• What the task asks: Produce word for word the lines of the data below running from the one that has "Professional hands organizing" to the one that has "Iさんが撮影した山頂の鐘を突くＫさんと見守るＮさんの写真", inclusive, and no others.

• Task data:

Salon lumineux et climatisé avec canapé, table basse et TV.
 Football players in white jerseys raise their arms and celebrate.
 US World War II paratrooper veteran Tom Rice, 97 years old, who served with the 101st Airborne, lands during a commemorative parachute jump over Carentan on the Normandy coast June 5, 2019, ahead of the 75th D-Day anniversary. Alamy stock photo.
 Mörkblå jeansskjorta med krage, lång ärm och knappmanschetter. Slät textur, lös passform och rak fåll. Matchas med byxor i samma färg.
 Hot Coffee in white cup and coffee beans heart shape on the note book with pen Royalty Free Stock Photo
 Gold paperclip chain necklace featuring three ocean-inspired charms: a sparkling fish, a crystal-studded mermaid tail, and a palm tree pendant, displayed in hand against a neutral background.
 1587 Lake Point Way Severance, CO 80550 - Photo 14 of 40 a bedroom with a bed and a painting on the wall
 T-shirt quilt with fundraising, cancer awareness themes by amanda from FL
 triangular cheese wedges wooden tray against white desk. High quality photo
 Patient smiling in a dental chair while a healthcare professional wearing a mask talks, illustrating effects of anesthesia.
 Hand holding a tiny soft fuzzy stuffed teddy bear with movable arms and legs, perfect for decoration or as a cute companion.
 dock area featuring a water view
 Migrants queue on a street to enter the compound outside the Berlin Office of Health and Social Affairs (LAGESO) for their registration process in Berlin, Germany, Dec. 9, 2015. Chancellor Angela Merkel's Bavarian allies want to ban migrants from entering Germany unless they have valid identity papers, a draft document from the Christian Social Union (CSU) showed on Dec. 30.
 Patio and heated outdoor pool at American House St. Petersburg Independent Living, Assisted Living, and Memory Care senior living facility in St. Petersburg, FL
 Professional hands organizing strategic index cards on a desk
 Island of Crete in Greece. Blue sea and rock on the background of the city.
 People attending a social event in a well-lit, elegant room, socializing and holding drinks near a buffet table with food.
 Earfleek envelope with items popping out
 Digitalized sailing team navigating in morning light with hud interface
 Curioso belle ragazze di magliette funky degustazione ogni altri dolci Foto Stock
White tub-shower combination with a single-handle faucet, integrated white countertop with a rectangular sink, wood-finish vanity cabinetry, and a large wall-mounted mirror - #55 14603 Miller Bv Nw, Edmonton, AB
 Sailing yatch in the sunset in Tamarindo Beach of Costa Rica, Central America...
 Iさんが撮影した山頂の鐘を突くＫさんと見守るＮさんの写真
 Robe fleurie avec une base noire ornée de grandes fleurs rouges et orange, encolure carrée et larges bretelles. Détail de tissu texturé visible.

• Exercise response:
 Professional hands organizing strategic index cards on a desk
 Island of Crete in Greece. Blue sea and rock on the background of the city.
 People attending a social event in a well-lit, elegant room, socializing and holding drinks near a buffet table with food.
 Earfleek envelope with items popping out
 Digitalized sailing team navigating in morning light with hud interface
 Curioso belle ragazze di magliette funky degustazione ogni altri dolci Foto Stock
White tub-shower combination with a single-handle faucet, integrated white countertop with a rectangular sink, wood-finish vanity cabinetry, and a large wall-mounted mirror - #55 14603 Miller Bv Nw, Edmonton, AB
 Sailing yatch in the sunset in Tamarindo Beach of Costa Rica, Central America...
 Iさんが撮影した山頂の鐘を突くＫさんと見守るＮさんの写真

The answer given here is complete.